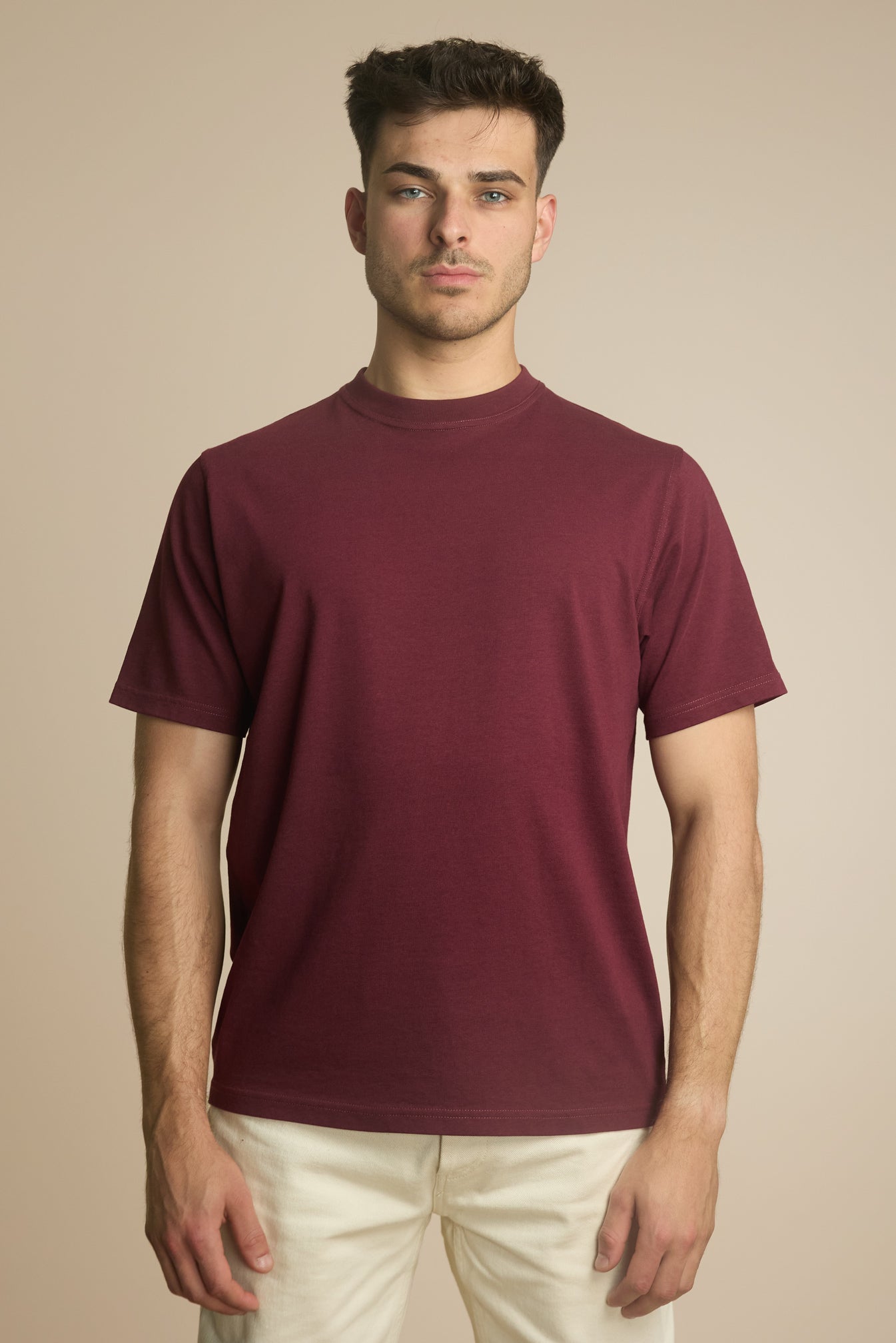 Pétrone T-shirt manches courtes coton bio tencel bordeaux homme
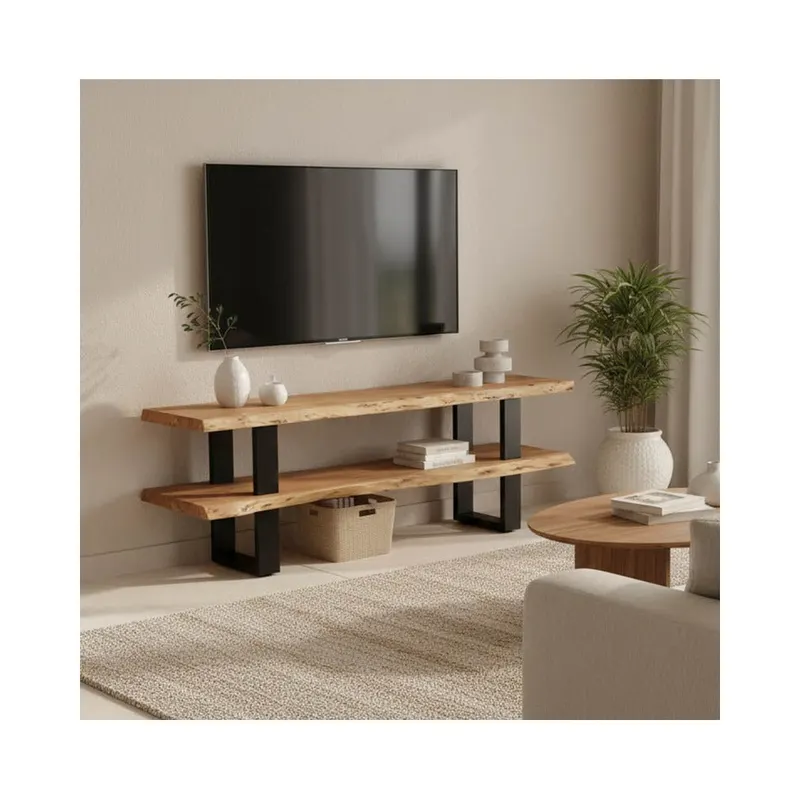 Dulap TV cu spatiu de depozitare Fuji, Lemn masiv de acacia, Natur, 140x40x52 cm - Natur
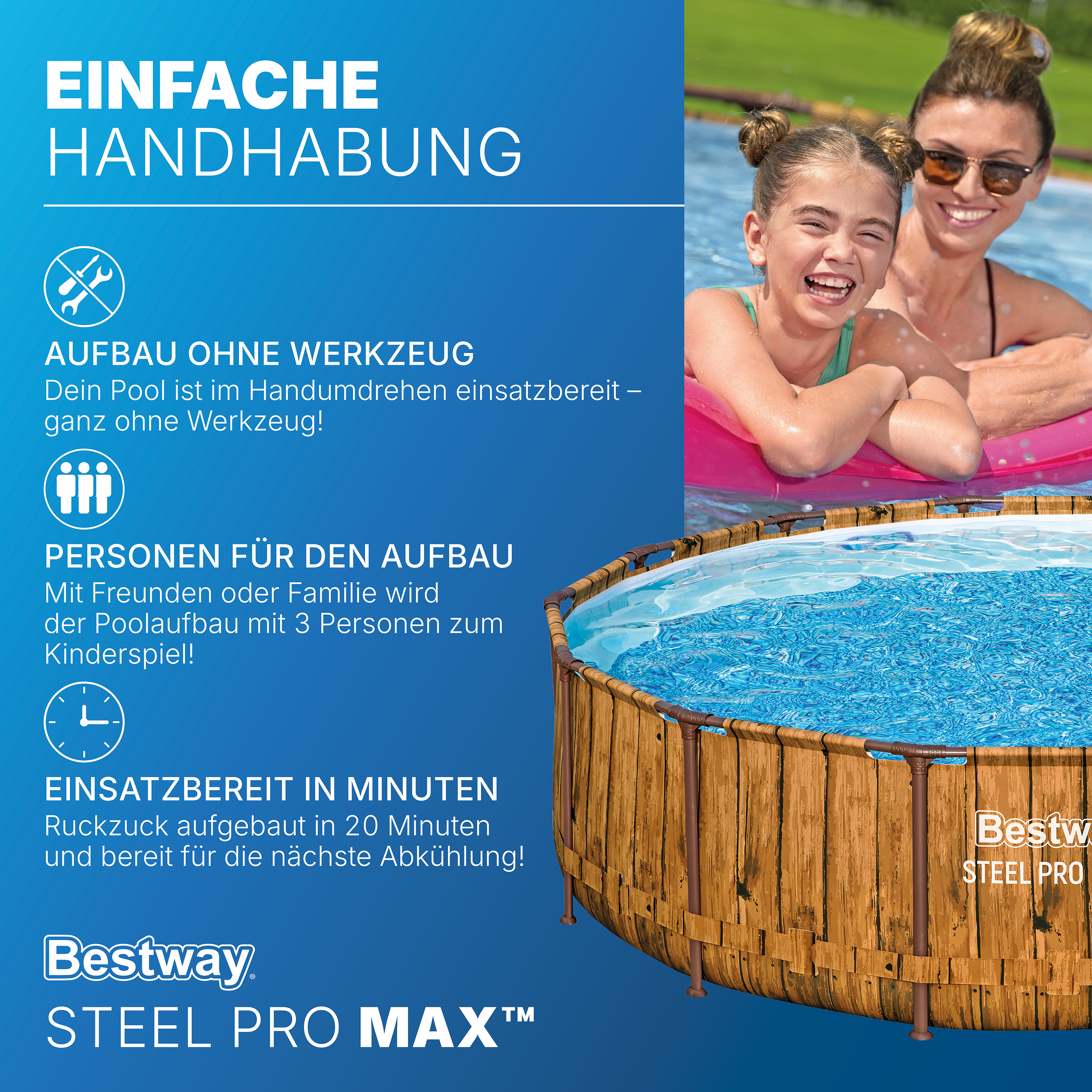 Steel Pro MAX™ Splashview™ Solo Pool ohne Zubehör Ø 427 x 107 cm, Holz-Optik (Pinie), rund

● What to produce
Output the data verbatim, images excluded.

● Task result
 Pétrone T-shirt manches courtes coton bio tencel bordeaux homme
 Dulap TV cu spatiu de depozitare Fuji, Lemn masiv de acacia, Natur, 140x40x52 cm - Natur
 Steel Pro MAX™ Splashview™ Solo Pool ohne Zubehör Ø 427 x 107 cm, Holz-Optik (Pinie), rund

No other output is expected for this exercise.